Our beneficiary John Cutting’s collaboration with fellow York St John University student Amy Majed has won the Eleanor Worthington Prize for the “Inclusion of Disability in Raphael’s World”.
About the prize
For the fifth centenary of the death of Renaissance artist Raphael, the Eleanor Worthington Prize Association decided to combine the events that celebrate this anniversary in the Italian city of Urbino, where Raphael was born. The theme of the prize, “Inclusion of Disability in the World of Raphael”, is inspired by the numerous examples of disability presented in Raphael’s own works.
About the sculpture
Despite lockdown restrictions and limited time on campus, John and Amy (both third year Fine Art students at York St John University) worked over three weeks to create the sculpture. Amy’s extensive research into Raphel’s art and legacy was used to create the external finish and refine the sculpture to fit the theme for the prize.

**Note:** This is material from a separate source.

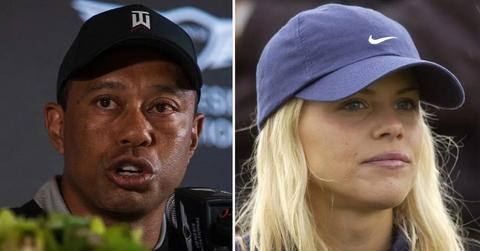 Composite photo of Tiger Woods and Elin Nordegren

The most striking feature of the sculpture is the prosthetic limb and casting mould that were previously used for the rehabilitation of ex-service personnel. The prosthetic is held up by a combination of resin, concrete and metal fixings and has lights shining through the clear casting moulds to give the illusion of a body being held up by a heavenly being.
John explains: “I stopped building the sculpture without arms or a head when I felt there was enough within the sculpture for the viewer to identify with it as a body. The torso has been twisted as if in pain and left open and exposed.”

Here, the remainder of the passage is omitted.